Revenant sur la fondation des mythes identitaires par les révolutions, la deuxième partie s’ouvre sur un rappel de l’historiographie de la Révolution française depuis les années 1960. Le renouvellement opéré par Jean-Clément Martin autour de la question de la violence révolutionnaire est souligné. On peut dès lors se demander comment la représentation de la violence révolutionnaire a servi de matrice à l’écriture des histoires nationales ; comment elle a forgé des mythologies (propres à chaque pays, mais qui peuvent être comparées).

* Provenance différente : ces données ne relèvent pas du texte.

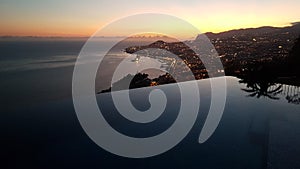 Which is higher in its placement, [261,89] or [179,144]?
[261,89]

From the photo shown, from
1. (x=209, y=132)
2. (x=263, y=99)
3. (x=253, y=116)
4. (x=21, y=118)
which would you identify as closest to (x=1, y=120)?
(x=21, y=118)

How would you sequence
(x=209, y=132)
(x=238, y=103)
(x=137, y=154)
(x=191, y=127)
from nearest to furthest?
(x=137, y=154) → (x=209, y=132) → (x=191, y=127) → (x=238, y=103)

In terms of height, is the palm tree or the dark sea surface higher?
the palm tree

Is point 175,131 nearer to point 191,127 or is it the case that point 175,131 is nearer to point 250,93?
point 191,127

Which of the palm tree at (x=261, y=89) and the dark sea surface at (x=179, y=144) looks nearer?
the dark sea surface at (x=179, y=144)

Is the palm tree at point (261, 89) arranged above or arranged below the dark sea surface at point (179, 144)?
above

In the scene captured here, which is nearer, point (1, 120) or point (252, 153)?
point (252, 153)

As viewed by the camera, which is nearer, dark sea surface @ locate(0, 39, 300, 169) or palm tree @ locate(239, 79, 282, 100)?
dark sea surface @ locate(0, 39, 300, 169)

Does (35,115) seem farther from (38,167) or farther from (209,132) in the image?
(209,132)

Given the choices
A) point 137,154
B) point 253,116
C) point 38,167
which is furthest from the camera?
point 253,116

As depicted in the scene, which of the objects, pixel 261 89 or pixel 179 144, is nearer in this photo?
pixel 179 144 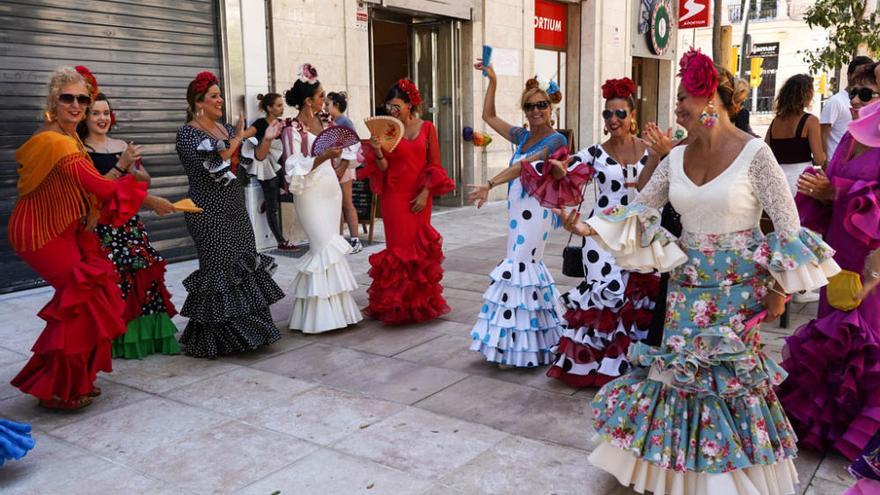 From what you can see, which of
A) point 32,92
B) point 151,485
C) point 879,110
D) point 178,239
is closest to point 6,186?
point 32,92

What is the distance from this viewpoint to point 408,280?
6.26 metres

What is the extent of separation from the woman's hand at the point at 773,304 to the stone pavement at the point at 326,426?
93 centimetres

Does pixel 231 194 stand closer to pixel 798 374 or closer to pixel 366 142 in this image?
pixel 366 142

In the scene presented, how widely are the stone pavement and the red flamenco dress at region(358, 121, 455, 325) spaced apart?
268mm

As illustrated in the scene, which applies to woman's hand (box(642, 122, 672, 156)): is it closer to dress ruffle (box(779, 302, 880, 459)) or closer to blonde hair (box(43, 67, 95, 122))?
dress ruffle (box(779, 302, 880, 459))

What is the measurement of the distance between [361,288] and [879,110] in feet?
17.4

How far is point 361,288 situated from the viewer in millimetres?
7684

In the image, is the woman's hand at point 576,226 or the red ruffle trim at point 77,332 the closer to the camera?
the woman's hand at point 576,226

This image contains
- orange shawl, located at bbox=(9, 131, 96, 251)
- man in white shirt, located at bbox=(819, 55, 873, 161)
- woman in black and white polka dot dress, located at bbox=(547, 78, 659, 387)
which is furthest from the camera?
man in white shirt, located at bbox=(819, 55, 873, 161)

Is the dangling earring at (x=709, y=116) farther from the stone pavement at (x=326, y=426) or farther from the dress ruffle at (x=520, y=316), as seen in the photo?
the dress ruffle at (x=520, y=316)

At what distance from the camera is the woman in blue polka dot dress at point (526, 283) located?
5.01 meters

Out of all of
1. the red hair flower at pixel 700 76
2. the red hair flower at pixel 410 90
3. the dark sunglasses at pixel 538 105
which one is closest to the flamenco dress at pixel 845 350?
the red hair flower at pixel 700 76

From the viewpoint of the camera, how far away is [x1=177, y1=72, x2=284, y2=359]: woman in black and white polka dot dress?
5.30 meters

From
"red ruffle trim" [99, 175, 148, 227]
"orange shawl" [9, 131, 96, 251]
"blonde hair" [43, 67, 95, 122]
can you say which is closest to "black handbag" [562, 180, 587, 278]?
"red ruffle trim" [99, 175, 148, 227] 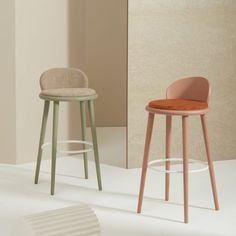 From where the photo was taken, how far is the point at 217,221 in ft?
11.5

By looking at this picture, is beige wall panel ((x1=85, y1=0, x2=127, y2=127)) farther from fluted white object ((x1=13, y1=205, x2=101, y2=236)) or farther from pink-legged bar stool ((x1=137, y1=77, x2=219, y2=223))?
fluted white object ((x1=13, y1=205, x2=101, y2=236))

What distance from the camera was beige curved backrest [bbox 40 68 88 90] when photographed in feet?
13.8

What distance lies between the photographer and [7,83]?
4.70 m

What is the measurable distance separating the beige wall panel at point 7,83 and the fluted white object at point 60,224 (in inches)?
119

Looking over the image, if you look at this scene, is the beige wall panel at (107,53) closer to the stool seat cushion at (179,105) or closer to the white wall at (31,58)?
the white wall at (31,58)

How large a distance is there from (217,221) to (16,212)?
1.19 metres

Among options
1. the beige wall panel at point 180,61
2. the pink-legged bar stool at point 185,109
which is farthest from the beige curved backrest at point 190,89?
the beige wall panel at point 180,61

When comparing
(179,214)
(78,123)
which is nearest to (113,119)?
(78,123)

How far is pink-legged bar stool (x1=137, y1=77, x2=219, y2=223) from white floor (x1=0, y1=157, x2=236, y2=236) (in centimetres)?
11

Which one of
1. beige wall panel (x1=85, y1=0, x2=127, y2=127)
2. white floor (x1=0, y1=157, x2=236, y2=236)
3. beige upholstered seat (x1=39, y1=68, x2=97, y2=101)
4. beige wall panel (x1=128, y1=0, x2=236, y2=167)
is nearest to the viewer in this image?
white floor (x1=0, y1=157, x2=236, y2=236)

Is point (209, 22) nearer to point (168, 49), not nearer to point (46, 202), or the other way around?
point (168, 49)

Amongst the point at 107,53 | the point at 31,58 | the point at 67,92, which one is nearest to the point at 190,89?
the point at 67,92

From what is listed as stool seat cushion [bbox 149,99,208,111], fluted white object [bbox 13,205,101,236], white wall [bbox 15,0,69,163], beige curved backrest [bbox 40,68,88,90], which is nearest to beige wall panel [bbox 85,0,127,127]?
white wall [bbox 15,0,69,163]

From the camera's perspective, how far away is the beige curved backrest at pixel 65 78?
13.8 feet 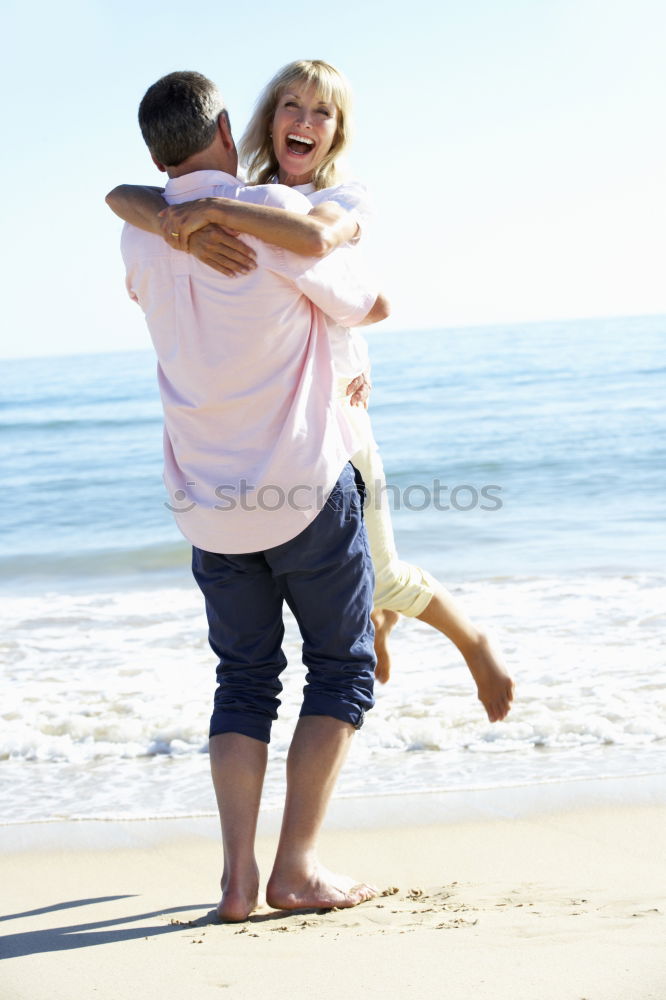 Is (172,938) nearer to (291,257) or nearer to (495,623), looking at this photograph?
(291,257)

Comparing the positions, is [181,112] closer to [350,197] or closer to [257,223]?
[257,223]

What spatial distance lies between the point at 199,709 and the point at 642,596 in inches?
114

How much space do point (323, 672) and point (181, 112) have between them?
120 cm

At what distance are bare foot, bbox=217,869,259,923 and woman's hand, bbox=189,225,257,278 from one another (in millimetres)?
1263

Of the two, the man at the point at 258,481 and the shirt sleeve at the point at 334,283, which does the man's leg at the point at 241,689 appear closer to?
the man at the point at 258,481

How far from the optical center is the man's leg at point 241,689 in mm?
2233

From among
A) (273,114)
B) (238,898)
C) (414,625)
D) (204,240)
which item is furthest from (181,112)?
(414,625)

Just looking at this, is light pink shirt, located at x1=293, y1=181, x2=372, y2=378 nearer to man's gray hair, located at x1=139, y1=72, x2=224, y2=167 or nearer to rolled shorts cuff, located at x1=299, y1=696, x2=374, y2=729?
man's gray hair, located at x1=139, y1=72, x2=224, y2=167

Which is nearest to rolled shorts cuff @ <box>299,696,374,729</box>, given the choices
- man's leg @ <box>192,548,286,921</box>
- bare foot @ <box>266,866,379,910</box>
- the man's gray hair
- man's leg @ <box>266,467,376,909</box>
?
man's leg @ <box>266,467,376,909</box>

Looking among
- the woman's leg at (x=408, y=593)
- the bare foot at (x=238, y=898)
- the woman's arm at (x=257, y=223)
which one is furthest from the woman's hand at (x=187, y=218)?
the bare foot at (x=238, y=898)

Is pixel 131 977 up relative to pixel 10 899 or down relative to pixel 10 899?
up

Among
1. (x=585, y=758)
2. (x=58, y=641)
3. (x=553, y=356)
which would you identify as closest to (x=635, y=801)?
(x=585, y=758)

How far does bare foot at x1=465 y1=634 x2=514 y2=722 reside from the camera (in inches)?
118

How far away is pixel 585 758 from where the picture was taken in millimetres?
3443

Plusieurs types d’approche théorique de cette élaboration du mythe identitaire sont présentés (en analyse de discours, en philosophie politique), mais les phénomènes de représentation et de diffusion ne sont pas oubliés ; presse, affiches et cinéma sont étudiés, comme dans la communication de Sylvie Dallet, « La violence révolutionnaire, pudeur et ostentation filmiques ». Au sein d’une production abondante, elle propose un parcours thématique qui permet de souligner les spécificités du cinéma et l’importance de l’évolution des conditions de production et de diffusion des œuvres. Conçue pour le petit écran, l’épopée révolutionnaire n’a plus les mêmes caractéristiques qu’en cinémascope. Analysée comme figure fondatrice, la Révolution lui permet également de mettre en place une typologie de la violence dans les fictions historiques au cinéma.

Intitulé « Les ombres portées des révolutions », le troisième volet de l’ouvrage permet de rappeler encore que l’histoire est narration. On demande bien souvent au récit historique de fabriquer le mythe national, dans un récit fondateur qui relève du « storytelling » et où les hauts faits des personnages révolutionnaires sont les événements majeurs. On retrouve ici le rôle des médias dans les événements révolutionnaires (Bettina Frederking présente des journaux « agents de la discorde et de la violence » dans les premières années du xixe siècle), mais surtout dans la fabrication de leur récit. Dans une large étude (« Mythes et violence dans la presse israélienne (1920-1982) »), Ouzi Elyada montre comment les médias de ce pays fabriquent les images de la violence. Grâce à une recherche sur un temps (assez) long, il montre que la presse construit une succession de récits mythiques d’Israël, qu’elle réutilise ensuite selon les critiques formulées par les médias étrangers. Ce regard d’un spécialiste de la Révolution française sur le très contemporain démontre, comme l’ensemble de l’ouvrage, la pertinence de cette interrogation sur les implications de la violence révolutionnaire dans la construction des mythes nationaux.

Claire Blandin

Recension publiée dans Le Temps des médias n° 13, Hiver 2009-2010, p. 222-224.